Jeremy Yip, an assistant professor of management at Georgetown University in Washington, DC, recently compared people’s EI scores to their performance in the Iowa gambling game.
While most participants seemed to show a higher stress response when considering choosing the “bad” decks, those with lower EI still misinterpreted their own body signals.
For these low EI participants, a greater stress response seemed to act as an incentive to take risks and ultimately lose. They just didn’t seem to recognize the feeling as a warning.
“They may have misinterpreted the signs as excitement, so they became riskier,” Yip says.
Fortunately, it is possible to form the IE.
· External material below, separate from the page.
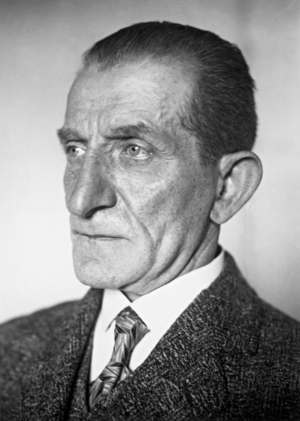 Emil Skladanowsky (b/w photo)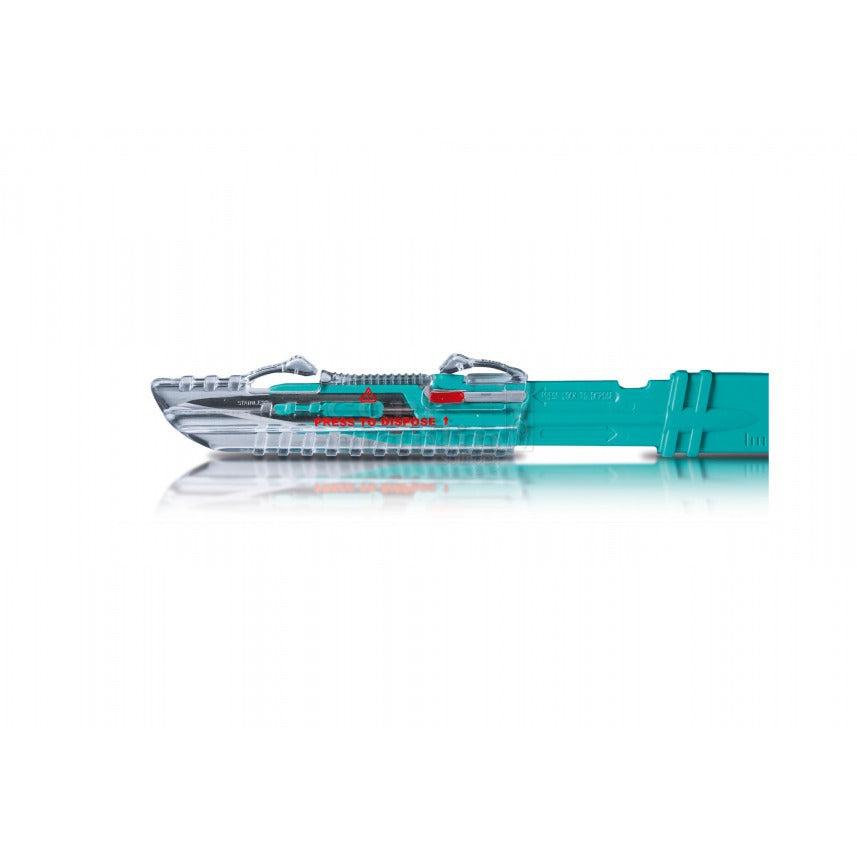 Carl Martin Disposable Safety Scalpelhouder met mes #872S/15C (10 st.)-Carl Martin-Sordent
Anna Alkozei of the University of Arizona in Tucson, USA, recently designed an online course with modules that encourage students to think more carefully about how different emotions can be perceived and how feelings such as physiological arousal can influence decision making. .
Taking two lessons a week for three weeks, Alkozei participants showed a significant improvement on a test of IE, and this resulted in better performance on the Iowa game. Participants in a control group, who instead took an online environmental course, showed no such improvement.
If you want to hone your intuition, you can first try to get in touch with your emotions more broadly, carefully questioning yourself about exactly what you are feeling and the sources of that mood.
Over time, you may find it easier to discern when you receive a genuine signal and precise.
Your instinct will never be completely infallible, but with practice it can become an important guide.